Second, inductive reasoning still requires us to estimate confidence intervals: we need to put bounds on what the true effect is. And so the debate about how wide to make those intervals will remain. Wide bands are more likely to contain the true value, but they will be noiser. It will be easier to see patterns in narrow bands; plus, the more we synthesize across multiple studies, the easier it will be to see if the bands are scattered or clustered, further reducing the need for wide bands (since we can see uncertainty either through one wide band or several scattered narrow bands). Moreover, it may be easier to see precision with narrow bands.

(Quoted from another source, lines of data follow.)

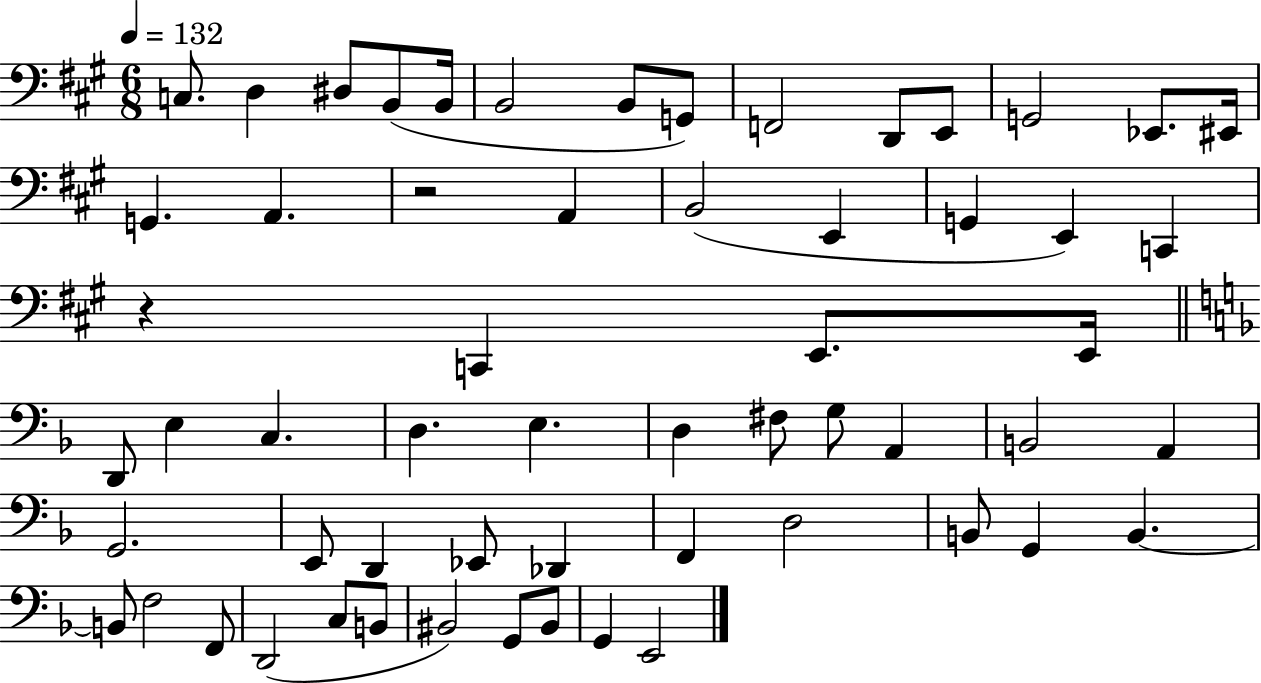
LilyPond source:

{
  \clef bass
  \numericTimeSignature
  \time 6/8
  \key a \major
  \tempo 4 = 132
  c8. d4 dis8 b,8( b,16 | b,2 b,8 g,8) | f,2 d,8 e,8 | g,2 ees,8. eis,16 | \break g,4. a,4. | r2 a,4 | b,2( e,4 | g,4 e,4) c,4 | \break r4 c,4 e,8. e,16 | \bar "||" \break \key f \major d,8 e4 c4. | d4. e4. | d4 fis8 g8 a,4 | b,2 a,4 | \break g,2. | e,8 d,4 ees,8 des,4 | f,4 d2 | b,8 g,4 b,4.~~ | \break b,8 f2 f,8 | d,2( c8 b,8 | bis,2) g,8 bis,8 | g,4 e,2 | \break \bar "|."
}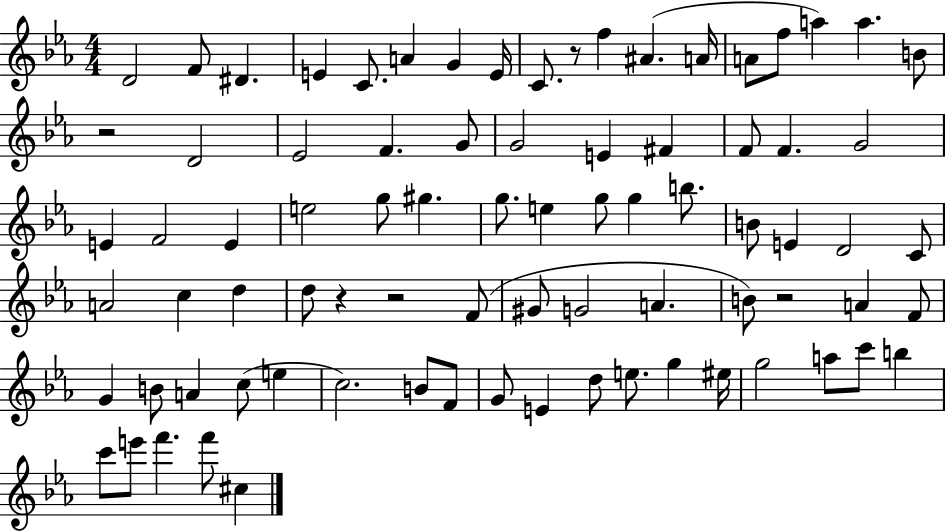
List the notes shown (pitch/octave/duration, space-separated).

D4/h F4/e D#4/q. E4/q C4/e. A4/q G4/q E4/s C4/e. R/e F5/q A#4/q. A4/s A4/e F5/e A5/q A5/q. B4/e R/h D4/h Eb4/h F4/q. G4/e G4/h E4/q F#4/q F4/e F4/q. G4/h E4/q F4/h E4/q E5/h G5/e G#5/q. G5/e. E5/q G5/e G5/q B5/e. B4/e E4/q D4/h C4/e A4/h C5/q D5/q D5/e R/q R/h F4/e G#4/e G4/h A4/q. B4/e R/h A4/q F4/e G4/q B4/e A4/q C5/e E5/q C5/h. B4/e F4/e G4/e E4/q D5/e E5/e. G5/q EIS5/s G5/h A5/e C6/e B5/q C6/e E6/e F6/q. F6/e C#5/q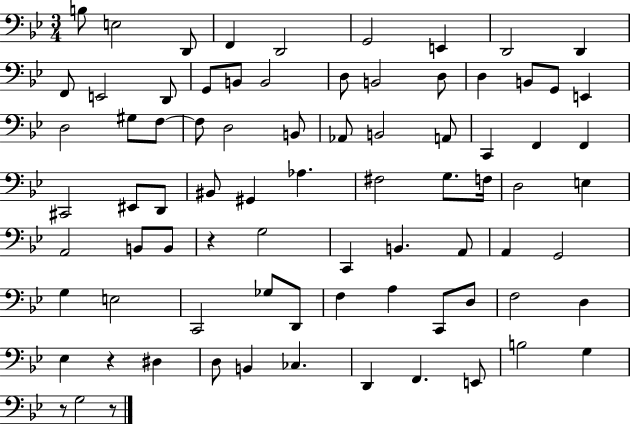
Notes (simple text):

B3/e E3/h D2/e F2/q D2/h G2/h E2/q D2/h D2/q F2/e E2/h D2/e G2/e B2/e B2/h D3/e B2/h D3/e D3/q B2/e G2/e E2/q D3/h G#3/e F3/e F3/e D3/h B2/e Ab2/e B2/h A2/e C2/q F2/q F2/q C#2/h EIS2/e D2/e BIS2/e G#2/q Ab3/q. F#3/h G3/e. F3/s D3/h E3/q A2/h B2/e B2/e R/q G3/h C2/q B2/q. A2/e A2/q G2/h G3/q E3/h C2/h Gb3/e D2/e F3/q A3/q C2/e D3/e F3/h D3/q Eb3/q R/q D#3/q D3/e B2/q CES3/q. D2/q F2/q. E2/e B3/h G3/q R/e G3/h R/e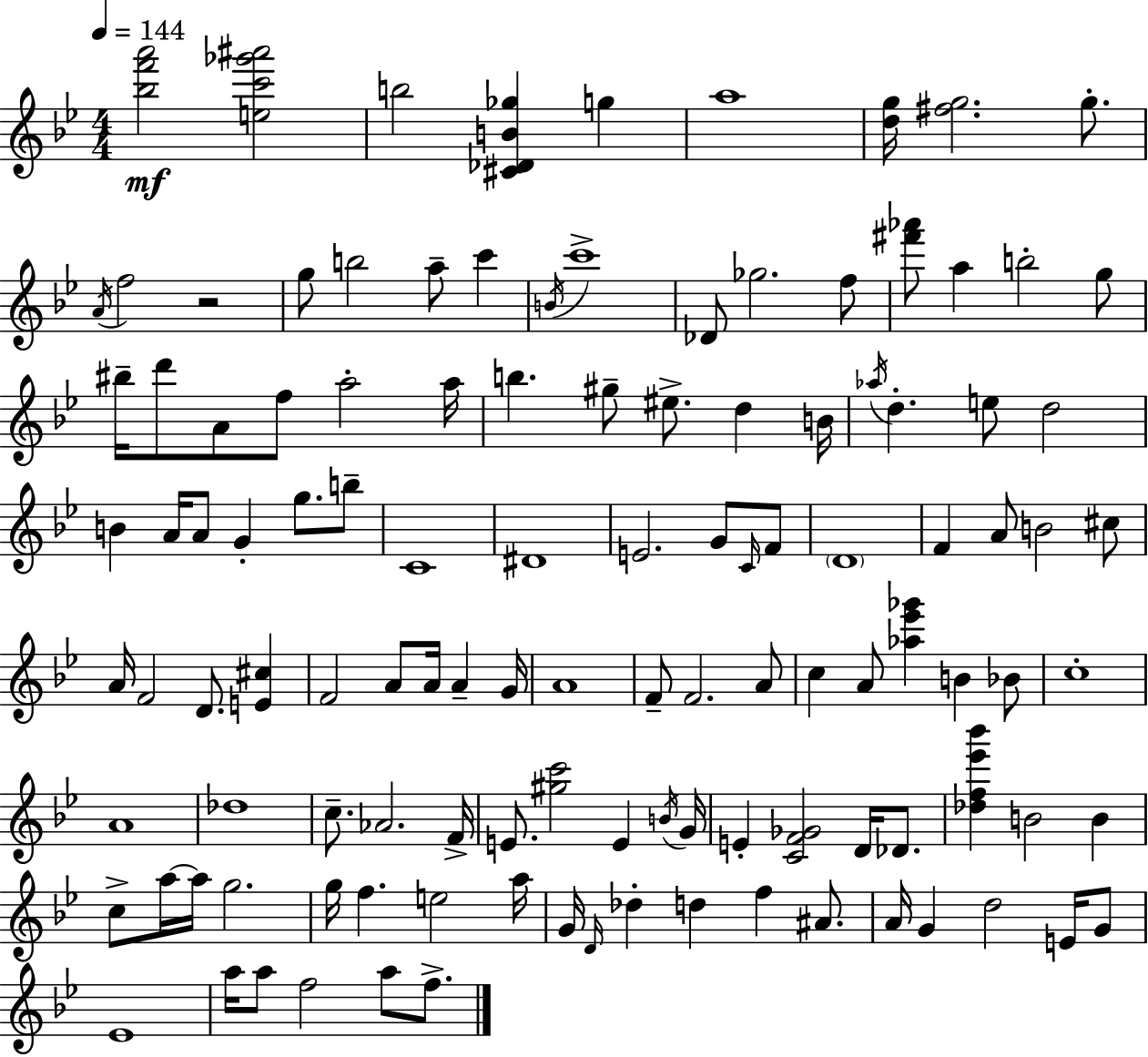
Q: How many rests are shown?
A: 1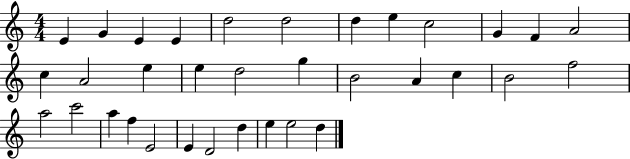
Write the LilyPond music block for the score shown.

{
  \clef treble
  \numericTimeSignature
  \time 4/4
  \key c \major
  e'4 g'4 e'4 e'4 | d''2 d''2 | d''4 e''4 c''2 | g'4 f'4 a'2 | \break c''4 a'2 e''4 | e''4 d''2 g''4 | b'2 a'4 c''4 | b'2 f''2 | \break a''2 c'''2 | a''4 f''4 e'2 | e'4 d'2 d''4 | e''4 e''2 d''4 | \break \bar "|."
}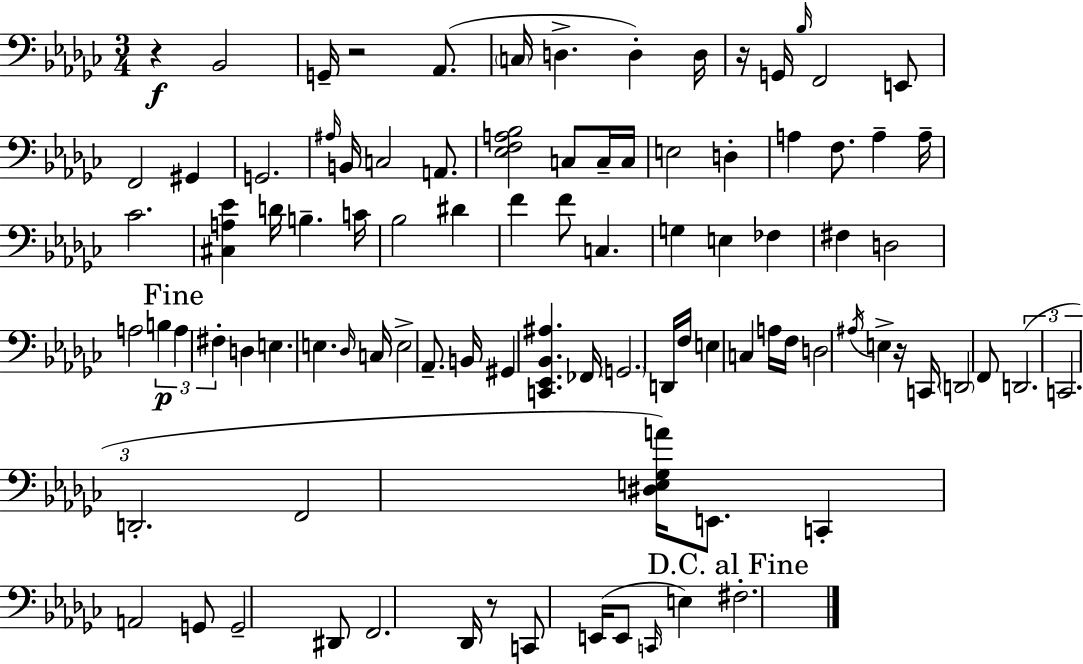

With this, I will conclude my look at where we've been. I now want to turn my attention to where we need to go. So tomorrow I will start looking at how to develop rigorous evidence-based approaches to empirical evidence in the social sciences.

Posted by John Pfaff on April 13, 2009 at 11:34 PM | Permalink


TrackBack URL for this entry:

Listed below are links to weblogs that reference More Problems With Hypothesis Testing (From a More Technical Perspective):


Loved this post too.

I don't know about the use of the term "true effect" . . . . would you agree that we'll never really know a "true effect" until and unless we have perfect data (like Laplace's demon) and a perfect model? Which isn't going to happen. Isn't the best we can do, "if we ran an infinity of statistical tests on the imperfect model and imperfect data that we have, then the coefficient would probably lie within such-and-such interval"?

Posted by: Stuart Buck | Apr 15, 2009 3:41:48 PM

The comments to this entry are closed.